See a solution process below:

#### Explanation:

To multiply these three terms, first, we need to multiply the two terms on the right by multiplying each individual term in the center parenthesis by each individual term in the right parenthesis.

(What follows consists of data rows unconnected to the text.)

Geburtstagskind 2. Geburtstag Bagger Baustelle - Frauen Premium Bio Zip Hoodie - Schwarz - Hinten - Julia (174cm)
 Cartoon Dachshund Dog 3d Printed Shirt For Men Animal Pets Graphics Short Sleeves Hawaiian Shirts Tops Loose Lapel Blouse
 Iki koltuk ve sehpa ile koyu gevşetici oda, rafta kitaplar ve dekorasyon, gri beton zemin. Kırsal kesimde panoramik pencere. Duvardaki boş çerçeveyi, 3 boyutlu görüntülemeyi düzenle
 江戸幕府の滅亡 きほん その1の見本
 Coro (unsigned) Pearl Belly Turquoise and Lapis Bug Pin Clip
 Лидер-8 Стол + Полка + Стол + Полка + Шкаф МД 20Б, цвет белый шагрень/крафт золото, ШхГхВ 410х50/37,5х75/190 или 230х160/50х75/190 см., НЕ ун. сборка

$\left(x - 1\right) \left(\textcolor{red}{- 2 x} - \textcolor{red}{5}\right) \left(\textcolor{b l u e}{x} - \textcolor{b l u e}{8}\right)$ becomes:

$\left(x - 1\right) \left(\left(\textcolor{red}{- 2 x} \times \textcolor{b l u e}{x}\right) + \left(\textcolor{red}{2 x} \times \textcolor{b l u e}{8}\right) - \left(\textcolor{red}{5} \times \textcolor{b l u e}{x}\right) + \left(\textcolor{red}{5} \times \textcolor{b l u e}{8}\right)\right)$

$\left(x - 1\right) \left(- 2 {x}^{2} + 16 x - 5 x + 40\right)$

We can now combine like terms:

$\left(x - 1\right) \left(- 2 {x}^{2} + \left(16 - 5\right) x + 40\right)$

$\left(x - 1\right) \left(- 2 {x}^{2} + 11 x + 40\right)$

We can now multiply these two terms using the same method:

$\left(\textcolor{red}{x} - \textcolor{red}{1}\right) \left(\textcolor{b l u e}{- 2 {x}^{2}} + \textcolor{b l u e}{11 x} + \textcolor{b l u e}{40}\right)$ becomes:

$\left(\textcolor{red}{x} \times \textcolor{b l u e}{- 2 {x}^{2}}\right) + \left(\textcolor{red}{x} \times \textcolor{b l u e}{11 x}\right) + \left(\textcolor{red}{x} \times \textcolor{b l u e}{40}\right) + \left(\textcolor{red}{1} \times \textcolor{b l u e}{2 {x}^{2}}\right) - \left(\textcolor{red}{1} \times \textcolor{b l u e}{11 x}\right) - \left(\textcolor{red}{1} \times \textcolor{b l u e}{40}\right)$

$- 2 {x}^{3} + 11 {x}^{2} + 40 x + 2 {x}^{2} - 11 x - 40$

We can now group and combine like terms:

$- 2 {x}^{3} + 11 {x}^{2} + 2 {x}^{2} + 40 x - 11 x - 40$

$- 2 {x}^{3} + \left(11 + 2\right) {x}^{2} + \left(40 - 11\right) x - 40$

$- 2 {x}^{3} + 13 {x}^{2} + 29 x - 40$